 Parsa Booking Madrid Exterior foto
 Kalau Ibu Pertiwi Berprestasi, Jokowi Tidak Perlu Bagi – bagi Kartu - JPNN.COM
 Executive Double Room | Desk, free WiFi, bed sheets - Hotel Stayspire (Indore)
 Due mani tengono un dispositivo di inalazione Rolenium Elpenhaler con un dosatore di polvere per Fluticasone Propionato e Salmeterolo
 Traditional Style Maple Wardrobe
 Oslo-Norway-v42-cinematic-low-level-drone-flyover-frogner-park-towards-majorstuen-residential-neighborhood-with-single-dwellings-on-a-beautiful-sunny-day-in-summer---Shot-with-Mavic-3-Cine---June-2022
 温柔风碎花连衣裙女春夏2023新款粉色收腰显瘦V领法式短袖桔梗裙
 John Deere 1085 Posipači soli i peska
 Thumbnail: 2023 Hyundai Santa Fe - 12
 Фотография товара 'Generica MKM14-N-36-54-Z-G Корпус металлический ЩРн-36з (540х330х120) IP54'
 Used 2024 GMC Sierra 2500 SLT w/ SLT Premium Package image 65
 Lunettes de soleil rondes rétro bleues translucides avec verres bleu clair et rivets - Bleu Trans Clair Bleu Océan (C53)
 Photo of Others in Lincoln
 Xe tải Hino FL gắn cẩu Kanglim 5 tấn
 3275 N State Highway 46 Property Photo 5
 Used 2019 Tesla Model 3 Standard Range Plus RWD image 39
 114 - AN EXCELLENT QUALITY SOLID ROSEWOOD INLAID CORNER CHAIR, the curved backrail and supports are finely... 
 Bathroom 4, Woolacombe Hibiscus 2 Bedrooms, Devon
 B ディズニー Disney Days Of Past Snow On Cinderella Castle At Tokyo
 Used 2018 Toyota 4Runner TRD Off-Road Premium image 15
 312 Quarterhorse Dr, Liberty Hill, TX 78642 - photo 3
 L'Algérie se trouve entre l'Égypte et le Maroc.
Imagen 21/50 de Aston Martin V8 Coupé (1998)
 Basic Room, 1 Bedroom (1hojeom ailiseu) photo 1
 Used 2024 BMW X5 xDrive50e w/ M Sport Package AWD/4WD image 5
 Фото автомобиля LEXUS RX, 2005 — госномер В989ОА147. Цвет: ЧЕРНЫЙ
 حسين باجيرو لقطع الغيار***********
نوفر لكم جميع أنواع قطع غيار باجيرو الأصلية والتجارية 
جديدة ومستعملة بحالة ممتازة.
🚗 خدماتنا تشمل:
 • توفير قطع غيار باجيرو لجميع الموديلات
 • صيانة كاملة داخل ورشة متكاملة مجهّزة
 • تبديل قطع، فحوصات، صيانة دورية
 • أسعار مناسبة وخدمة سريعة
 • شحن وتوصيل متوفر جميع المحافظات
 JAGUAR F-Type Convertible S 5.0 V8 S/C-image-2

§ **WORK REQUEST**: Copy out word for word each line of the listing, from the very first line down to the line containing "Thumbnail: 2023 Hyundai Santa Fe - 12", and stop after that line.

§ **YOUR SOLUTION**:
 Parsa Booking Madrid Exterior foto
 Kalau Ibu Pertiwi Berprestasi, Jokowi Tidak Perlu Bagi – bagi Kartu - JPNN.COM
 Executive Double Room | Desk, free WiFi, bed sheets - Hotel Stayspire (Indore)
 Due mani tengono un dispositivo di inalazione Rolenium Elpenhaler con un dosatore di polvere per Fluticasone Propionato e Salmeterolo
 Traditional Style Maple Wardrobe
 Oslo-Norway-v42-cinematic-low-level-drone-flyover-frogner-park-towards-majorstuen-residential-neighborhood-with-single-dwellings-on-a-beautiful-sunny-day-in-summer---Shot-with-Mavic-3-Cine---June-2022
 温柔风碎花连衣裙女春夏2023新款粉色收腰显瘦V领法式短袖桔梗裙
 John Deere 1085 Posipači soli i peska
 Thumbnail: 2023 Hyundai Santa Fe - 12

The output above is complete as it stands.